Problem description: Find the line that contains "Ivanetti - Ball Type"; please output it and each line after it, exactly as shown, up to the end of the entries below, skipping pictures.

Exercise data:
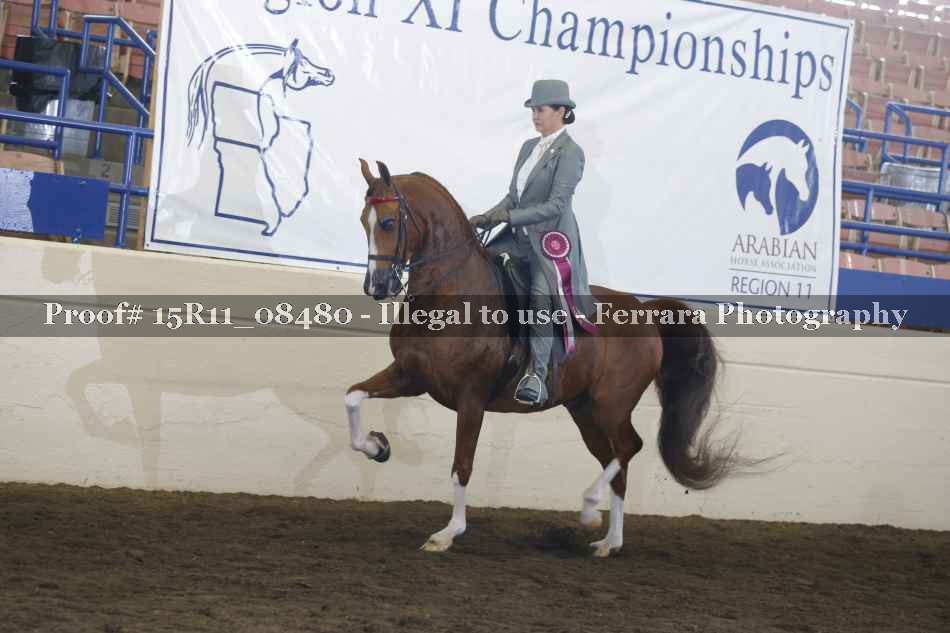 Proof 15R11_08480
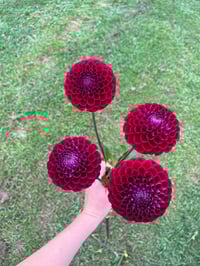 Ivanetti - Ball Type 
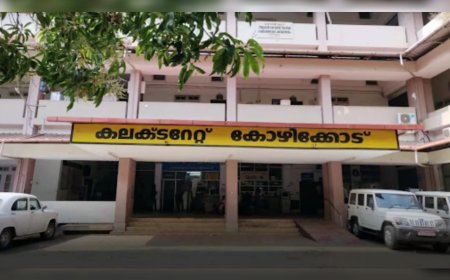 ഓണാഘോഷത്തിനിടെ കളക്ടറേറ്റിലെ ജീവനക്കാരിക്ക് നേരേ ലൈംഗികാതിക്രമം; ജീവനക്കാരന് സസ്പെന്‍ഷന്‍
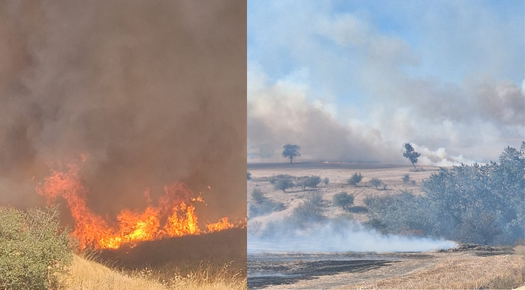 EDİRNE’DE ANIZ YANGINI BÜYÜMEDEN SÖNDÜRÜLDÜ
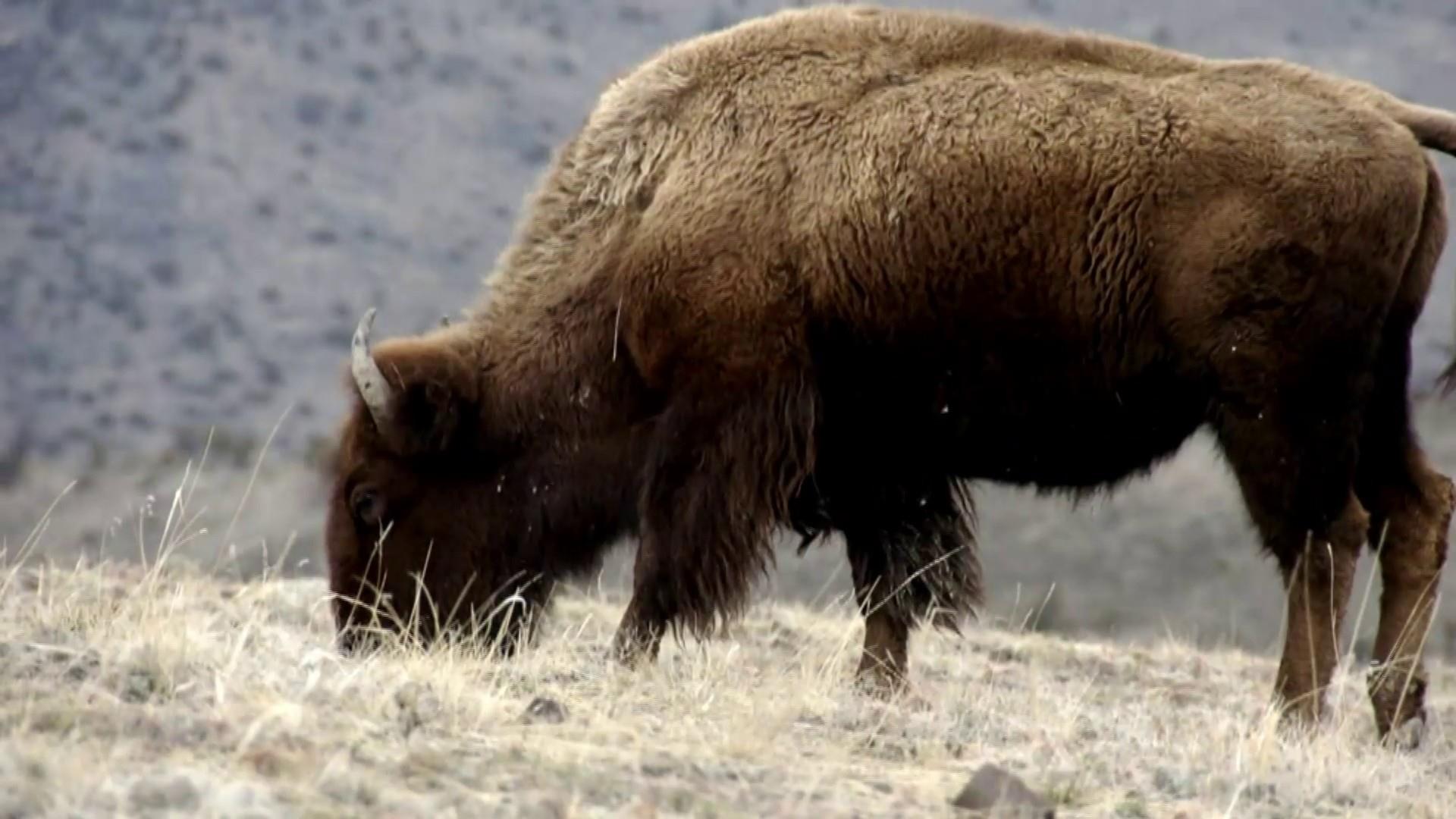 Woman gored by bison at Yellowstone National Park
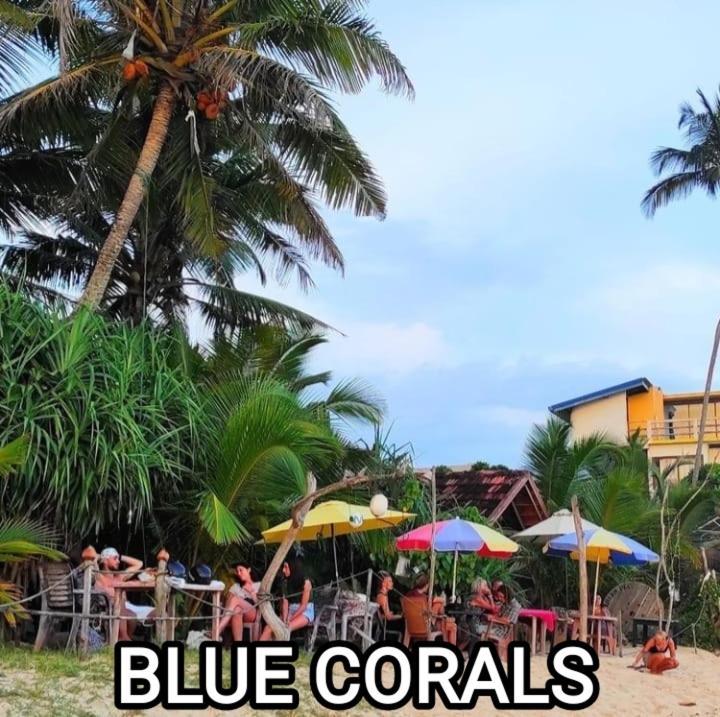 Blue Corals Beach Bungalow Matara Dış mekan fotoğraf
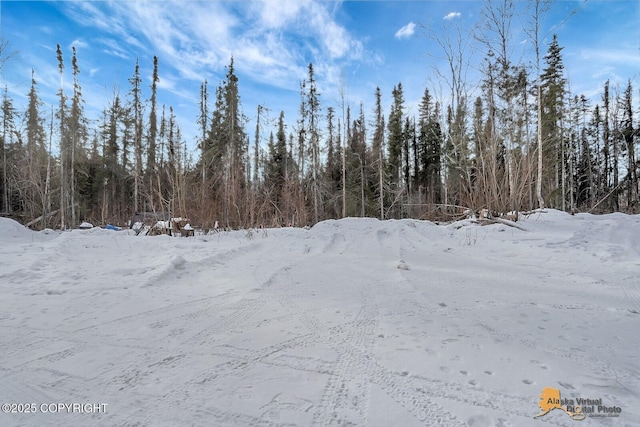 view of snow covered land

Output for this task:
 Ivanetti - Ball Type 
 ഓണാഘോഷത്തിനിടെ കളക്ടറേറ്റിലെ ജീവനക്കാരിക്ക് നേരേ ലൈംഗികാതിക്രമം; ജീവനക്കാരന് സസ്പെന്‍ഷന്‍
 EDİRNE’DE ANIZ YANGINI BÜYÜMEDEN SÖNDÜRÜLDÜ
 Woman gored by bison at Yellowstone National Park
 Blue Corals Beach Bungalow Matara Dış mekan fotoğraf
 view of snow covered land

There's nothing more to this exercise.